La historia que le da nombre al libro, “Morisqueta IV. Prometeo el joven”, es un arte poética que recrea el mito de Prometeo-encadenado a través del escritor-encadenado a su necesidad de escribir y la ansiedad de originalidad, debatiéndose entre lo mecánico de la estructura de las anécdotas (representado por la máquina de escribir) y las trampas del estilo (representadas por el lápiz). En el primer caso, el escritor es el instrumento de la máquina que “repetía lo mismo del día anterior y de los años pasado”; frente a esta mecanización, el escritor se rebela y opta por escribir a mano pero “al poco rato caía en cuenta que dedicaba atenciones mayores a las letras y palabras, ya sus ayuntamientos, abrazos, rechazos y encabalgamientos”. El escritor lucha contra ese “enredarse en la cáscara de las palabras”. Su condena es que, en medio de sus luchas con y contra el lenguaje, “el hombre mantenía en su interior, cual secreta encomienda, la voluntad de volver a escribir”.
Lo fantástico vuelve a estar presente en el magistral cuento “El cuarto volador” en el que la pareja encerrada en un cuarto de hotel (el espacio “hotel” es de alta significación simbólica a lo largo de la narrativa de Díaz Ycaza: el lugar en el que los seres se liberan de la opresión de la realidad mundana), El y Ella o la Sombra, requieren del amor mutuo para derrotar la hostilidad del mundo exterior desde un espacio habitado por ‘las cosas’ que, en este relato, adquieren un papel actancial de importancia:
Subían, luego, las sábanas, a contar historias de cuantos habían jadeado pecho a pecho con ellas, de los que habían secado sus ojos en las esquina con el nombre del hotel. “Señora y señor míos, dos puntos aparte, afirmo que el amor existe. Lo que sucede es que apenas dura un minuto; pero hay que agarrarlo por la cola, para sobrevivr el resto de la existencia”.
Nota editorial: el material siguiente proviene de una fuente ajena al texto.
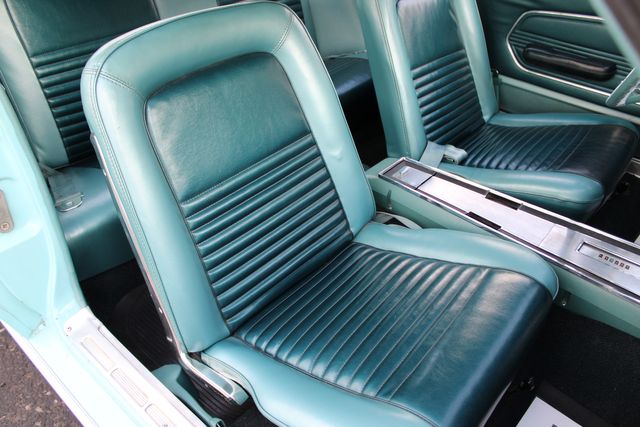 Unknown-Mustang-1967-Frost-Turquoise-Blue-11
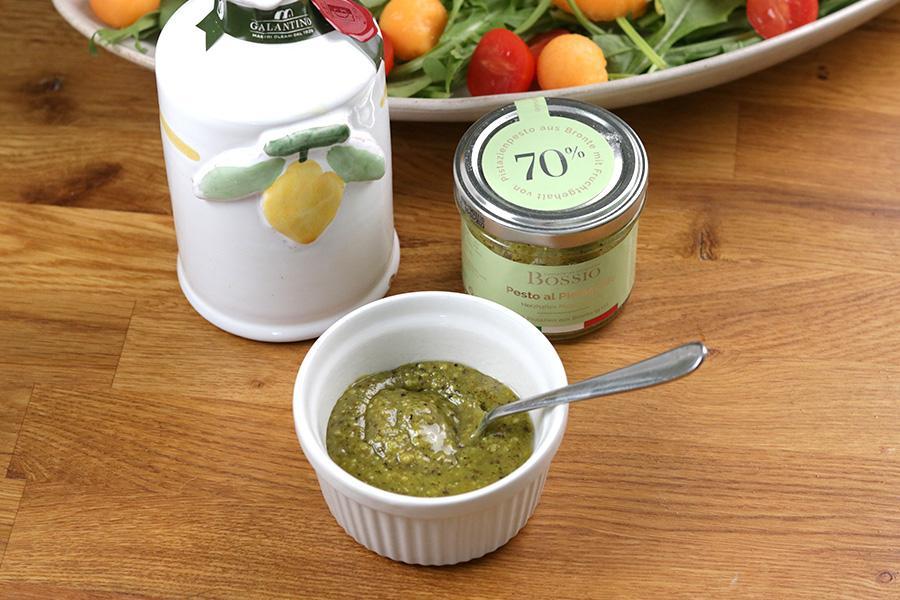 Nektarinen-Cantaloupe-Salat mit Pistazienpesto - Schritt 4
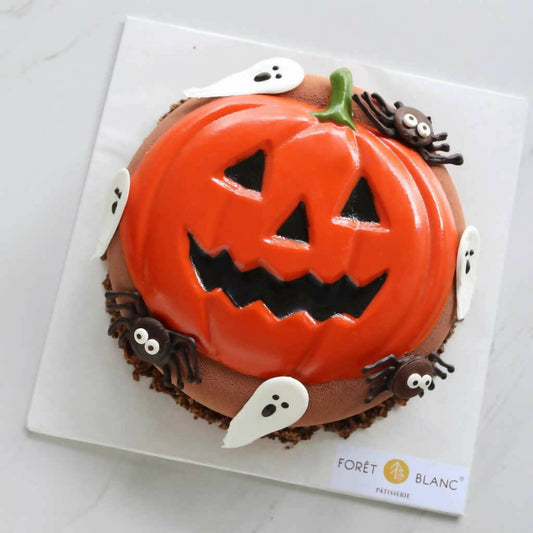 Jack O Lantern Brown Butter Mousse Cake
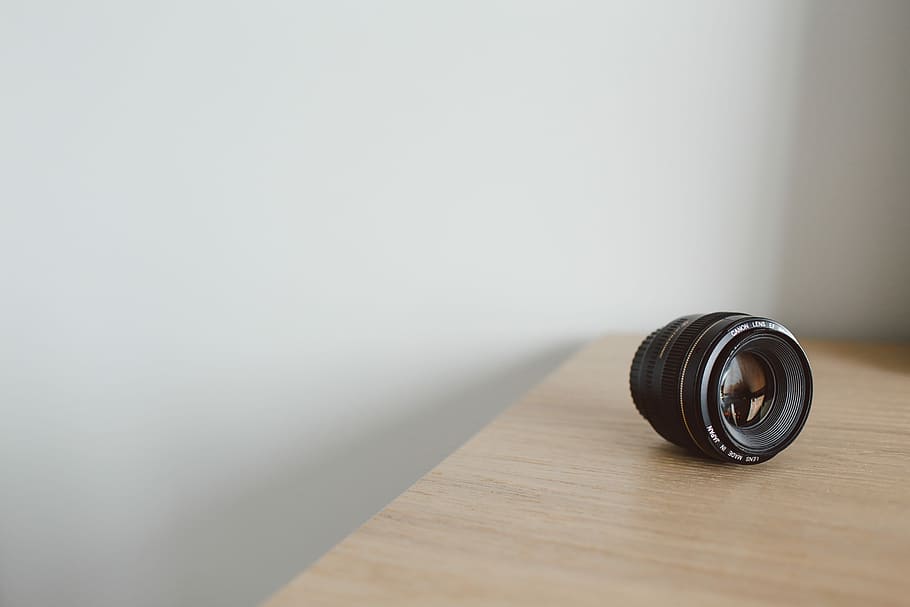 black camera lens on brown table, black DSLR camera lens on brown wooden surface HD wallpaper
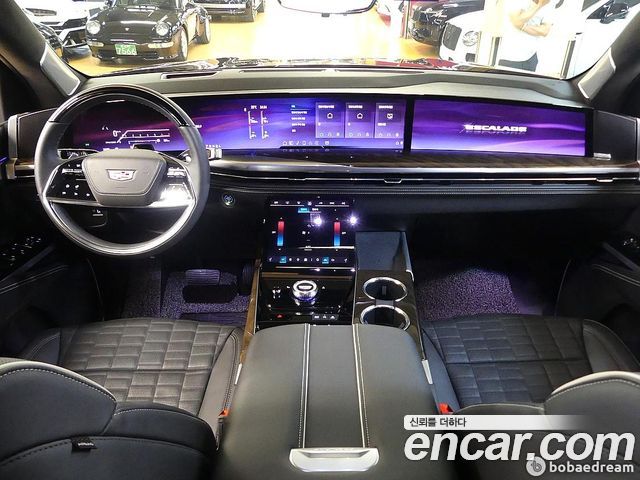 Cadillac Escalade 5-го поколения 6.2 Sports Platinum - фото 3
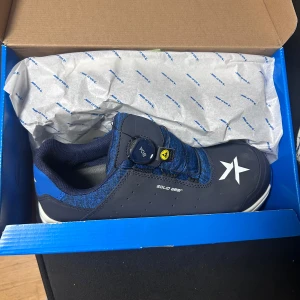 Arbetsskor - Helt nya arbetsskor från Solid Gear som bara har legat hemma och samlat damm. Så det är dags att bli av med de. Skriv gärna om ni har några funderingar eller är intresserade.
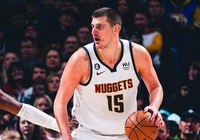 Triple-double của Nikola Jokic giúp Denver Nuggets vượt qua Timberwolves trong trận cầu căng thẳng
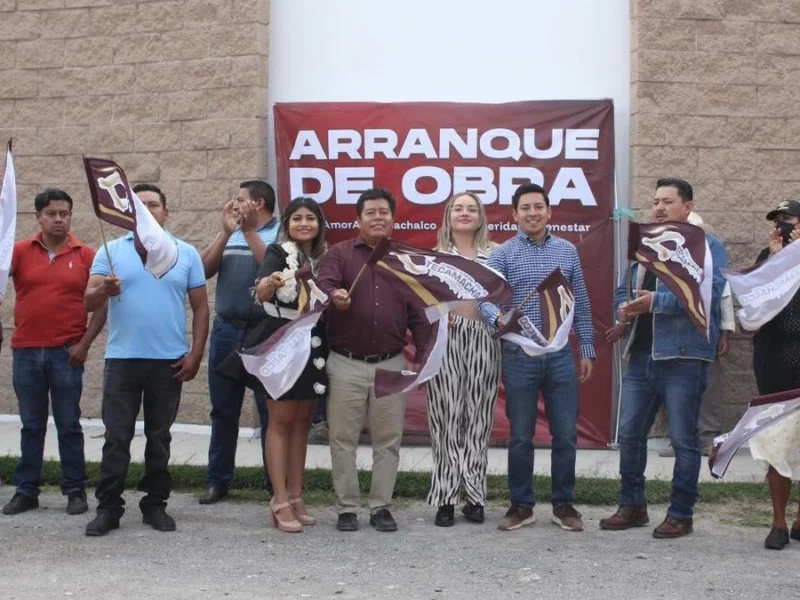 Inician obra de adoquinamiento en Santa Rosa, Tecamachalco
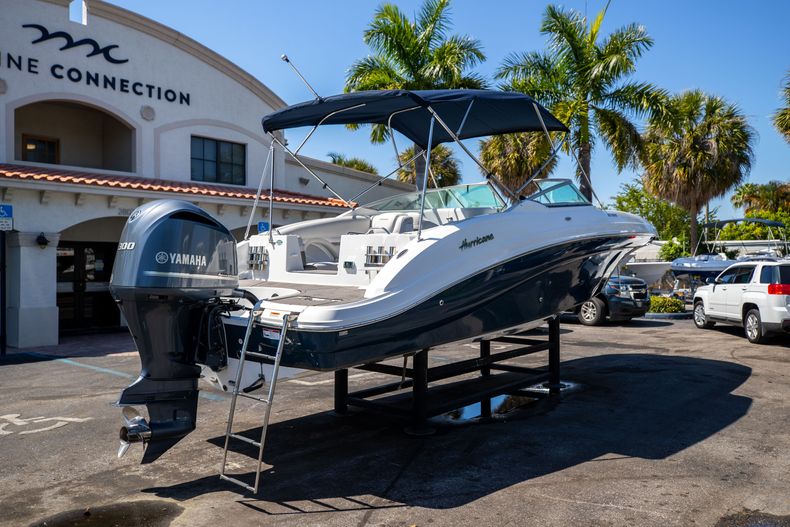 Thumbnail 11 for Used 2017 Hurricane SunDeck SD 2690 OB boat for sale in West Palm Beach, FL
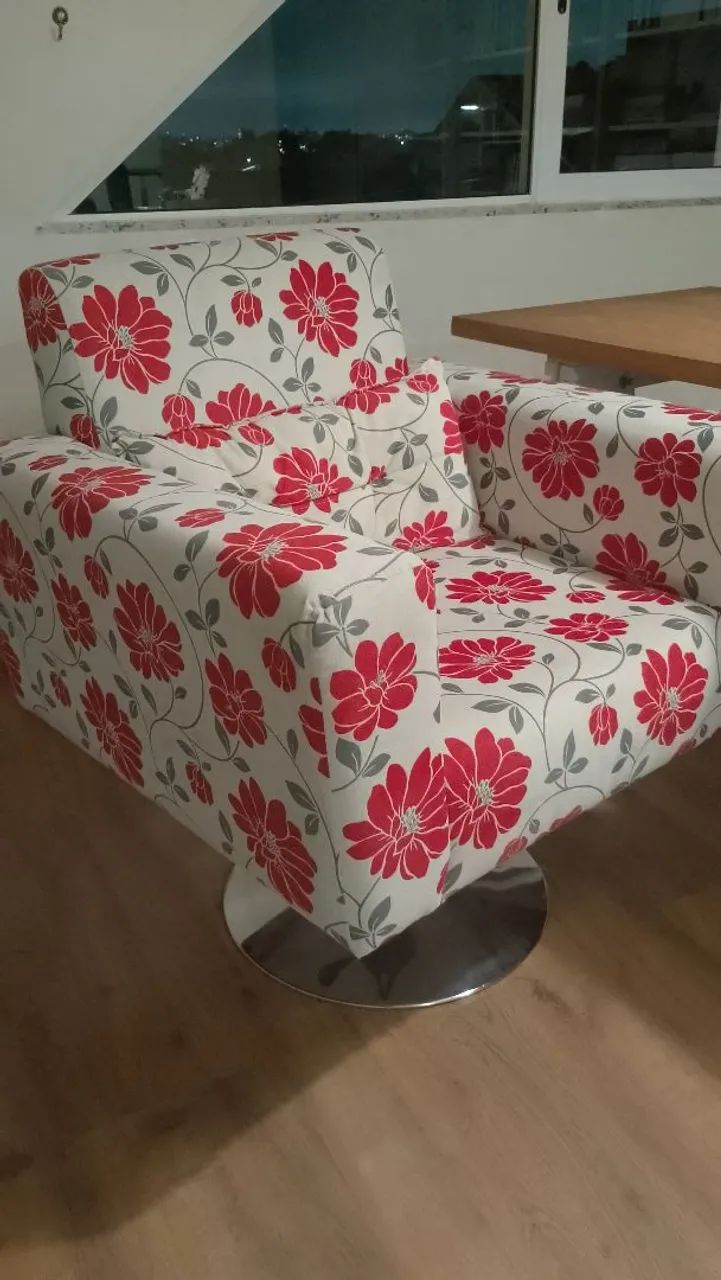 Poltrona giratória florida elegante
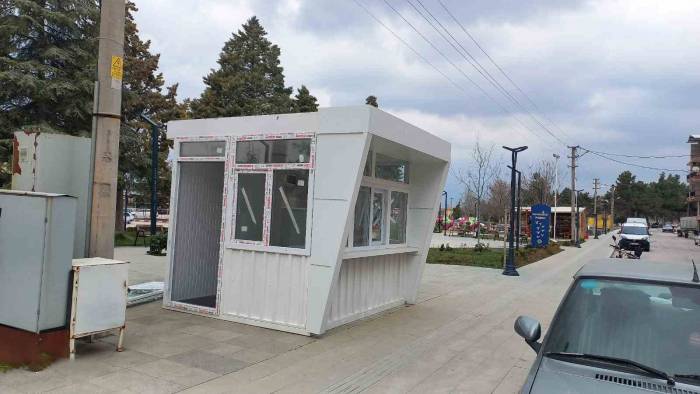 Burdur’da Halk Et Satış Noktası’na Faaliyete Girmeden Zarar Verdiler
En este libro la desacralización está atravesada por el humor. En “La bella Mireya” el contrapunto entre la sala de baile y el templo evangélico es una simbolización esperpéntica de la salvación y el pecado que se resume en la caracterización de Mireya como “vieja y núbil, hetaira e inocente, libre y prisionera”. El final del cuento es una apoteosis de lo sensual y lo profano:
Vuelta y vuelta, sonreías con la felicidad del iniciado que se asoma un instante a la puerta del edén. Luego, movías la faz hierática y mirabas con ojos glaciales de creyente. Entonces, intentaba llamarte por tus nombres; pero todo era ensordecido por el tren expreso de los instrumentos musicales: la guitarra eléctrica, la trompeta, el saxo, la batería, que cantaban canciones de una babel nocturna de quién sabe qué siglo.
Rafael Díaz Ycaza representa una escritura en tránsito; un ejemplo de la continua búsqueda del artista que, al igual que su personaje-marinero, se puede decir a sí mismo en referencia a la creación literaria y a esa lucha de siempre con el lenguaje: “No sé cuántos puertos faltan, cuántos días y noches, y cuántas guardias. Lo mejor es que ya no haga cuentas”.
En resumen
Rafael Díaz Ycaza comenzó con una escritura epigonal del realismo social de los años 30; sin embargo, desde los textos de su segundo libro se planteó nuevas preocupaciones temáticas y desarrolló tratamientos escriturarios que se fueron alejando de los límites realistas para evidenciar preocupaciones contemporáneas, romper con los parámetros de la verosimilitud del realismo social e incursionar también en el terreno de lo fantástico.